North American production upswing to slow in 2013
North American light vehicle production volume remains up 20% through the first 10 months of 2012, compared with the same period in 2011. Volume through October is at nearly 13.1m units, the same volume level as in all of 2011.
Vehicle inventory in early November rose to a 71-day supply – the highest day supply level in 2012 – compared with 59 days in October. The supply growth is a result of an increase in inventory ahead of anticipated year-end sales, as well as the impact of Hurricane Sandy, which caused significant damage along the US East Coast and slowed demand in the last week of October.
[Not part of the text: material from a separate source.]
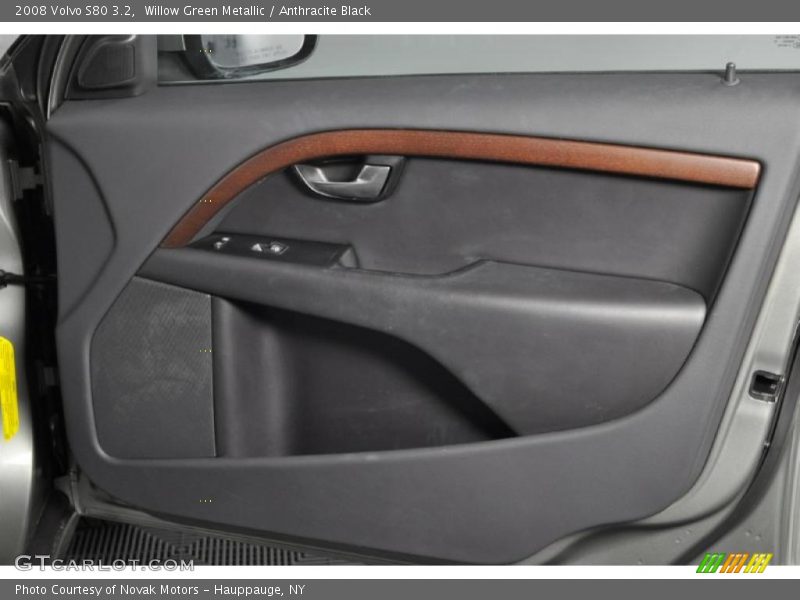 Willow Green Metallic / Anthracite Black 2008 Volvo S80 3.2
Car inventory has risen to a 66-day supply from 51 days in October, while truck inventory has increased to a 77-day supply from 65 days.
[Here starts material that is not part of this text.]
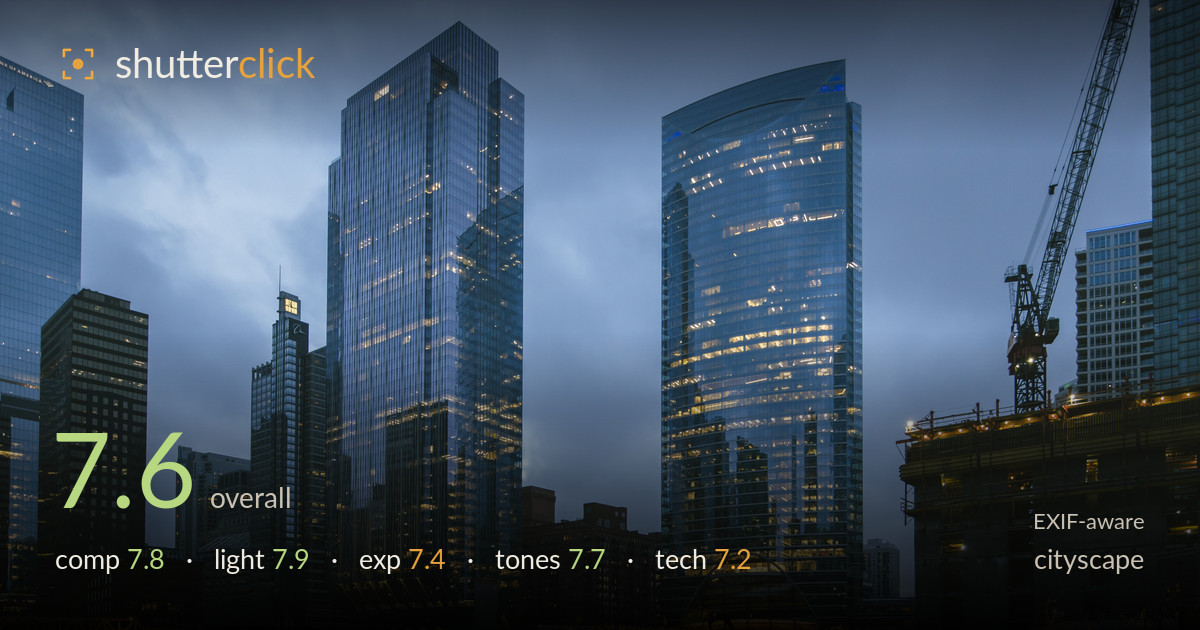cityscape photo critique card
The forecasters say that vehicle inventory levels should stabilise this month and into December, as sales are expected to recover due to consumers who had delayed their purchases last month returning to the marketplace following the storm and from additional sales due to the need to replace damaged vehicles.
LMC Automotive’s 2012 North American production forecast stands at 15.3m units, which is a 17% increase from 2011. However, a slowdown is forecast for 2013. The North American production forecast for 2013 is expected to be nearly 15.8m units, just 2% up on 2012, but “with further upside potential”.
“The continued pace of demand in North America, with sales up 13% through October, is supporting the short-term production plan and volume at the highest level since 2005,” said Schuster. “Production levels continue to be managed to demand, so a growing level of inventory is not setting off any alarms, as some inventory building is normal as a year closes.”